Did Lakers get too cheap to add player at trade deadline?
The Los Angeles Lakers did not make any moves at last week’s NBA trade deadline despite badly needing a reshaped roster. The team may have gotten too cheap to make any moves.
The Lakers reportedly turned down the opportunity to trade Russell Westbrook for John Wall. According to ESPN’s Dave McMenamin, one version of a Westbrook-for-Wall trade would have involved Christian Wood. But the Lakers reportedly turned that down because they were unwilling to pay extra money.
“There was an iteration of the John Wall trade that included Christian Wood that would have involved more money,” ESPN’s Dave McMenamin said on the Brian Windhorst and the Hoop Collection Podcast. “I’ve been told from other sources in Houston that there was a message that the Lakers were not willing to take on more money.”
ESPN’s Ramona Shelburne added that she heard the Lakers’ attempts to make a trade were more “half-hearted.” She said she heard the team was unwilling to take on more luxury tax money or sacrifice more future picks.

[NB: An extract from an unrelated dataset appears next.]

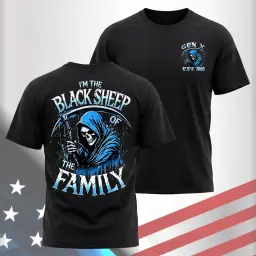 Gen X Custom Birth Year Skull Shirt – l'm The Black Sheep of The Family Graphic Tee thumbnail 3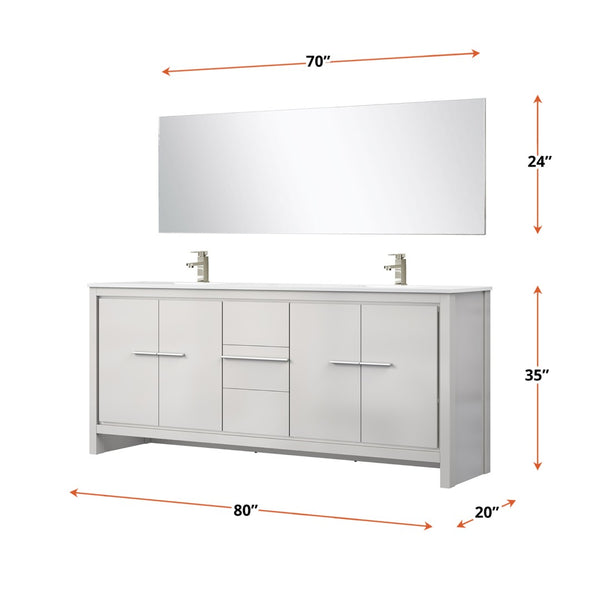 English Elm White Double Bath Vanity With Quartz Top, Brushed Nickel Faucet, 70-Inch Mirror - Stylish & Durable B2731S01774-GIGA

Shelburne believes the Lakers’ front office took the approach that the veterans built the roster as they wanted and that this is their mess to clean up.
The Lakers are 26-31 and they have already sacrificed a huge amount of their draft future in the deal to get Anthony Davis, which helped them win a championship. The Lakers may have decided that this year’s squad was not a team worth sinking more assets into, which probably was a prudent choice, even if they had to take some social media pain.